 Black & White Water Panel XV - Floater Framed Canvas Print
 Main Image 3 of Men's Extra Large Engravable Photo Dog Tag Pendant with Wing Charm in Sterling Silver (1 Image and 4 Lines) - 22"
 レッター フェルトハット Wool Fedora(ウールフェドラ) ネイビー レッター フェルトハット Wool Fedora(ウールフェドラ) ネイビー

* Exercise brief:
Reproduce all of the listing, exactly as given.

* Solution to this task:
 Black & White Water Panel XV - Floater Framed Canvas Print
 Main Image 3 of Men's Extra Large Engravable Photo Dog Tag Pendant with Wing Charm in Sterling Silver (1 Image and 4 Lines) - 22"
 レッター フェルトハット Wool Fedora(ウールフェドラ) ネイビー レッター フェルトハット Wool Fedora(ウールフェドラ) ネイビー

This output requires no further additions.